## Task requirements
Your answer must be an exact copy of the records below, with no pictures in it.

━━━ Information given

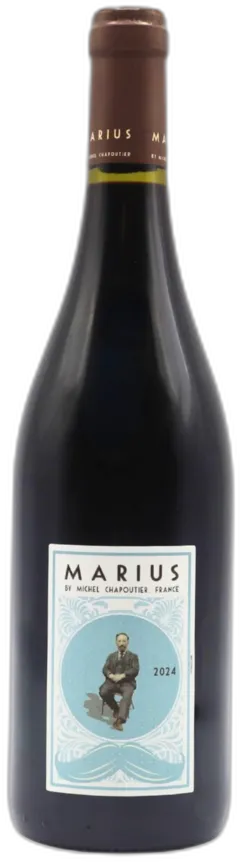 capture du vin Marius by Michel Chapoutier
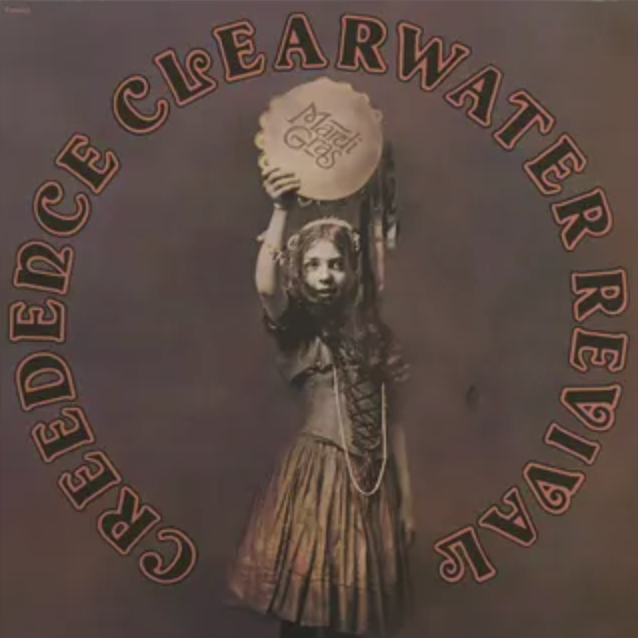 Creedence Clearwater Revival - Mardi Gras LP
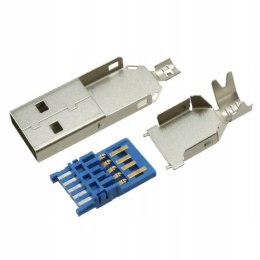 WTYK USB 3.0 typ A na przewód kabel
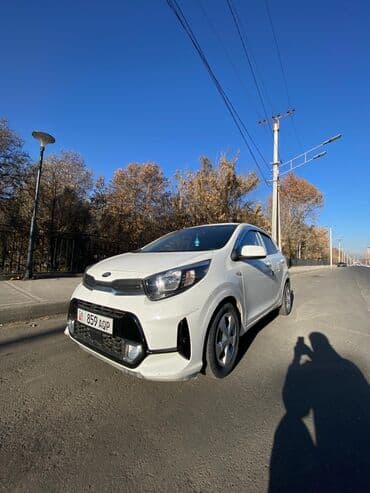 авто в рассрочку без банка рядом просп. жибек жолу, бишкек: Kia Morning: 2020 г., 1 л, Автомат, Бензиновая, Седан — 2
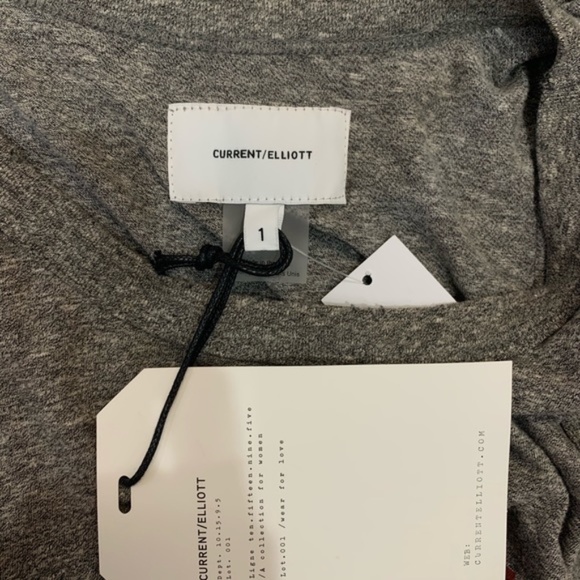 Current/Elliott The Easy Muscle Tank Top - Picture 5 of 5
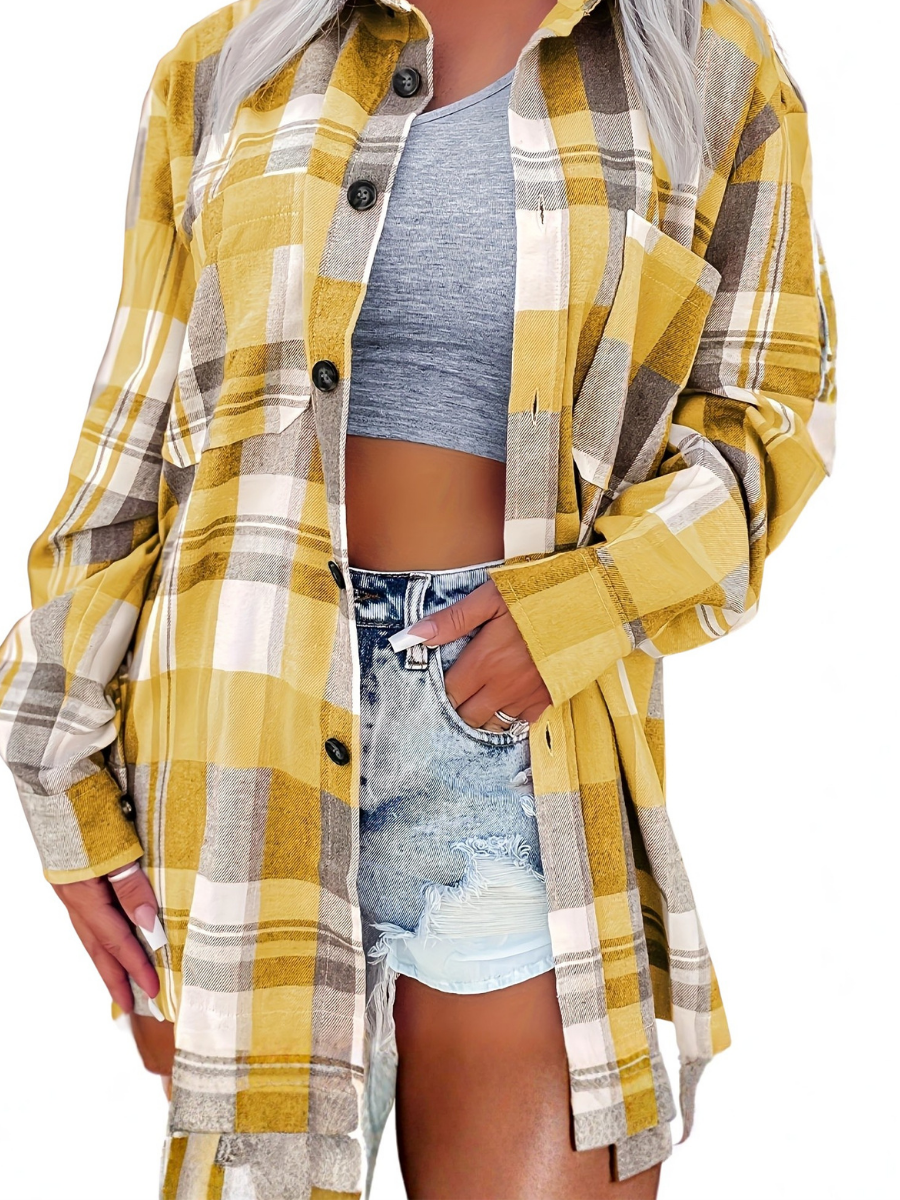 Luisa | Camisa de Verano de Manga Larga para Mujeres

━━━━━━

## Exercise response
 capture du vin Marius by Michel Chapoutier
 Creedence Clearwater Revival - Mardi Gras LP
 WTYK USB 3.0 typ A na przewód kabel
 авто в рассрочку без банка рядом просп. жибек жолу, бишкек: Kia Morning: 2020 г., 1 л, Автомат, Бензиновая, Седан — 2
 Current/Elliott The Easy Muscle Tank Top - Picture 5 of 5
 Luisa | Camisa de Verano de Manga Larga para Mujeres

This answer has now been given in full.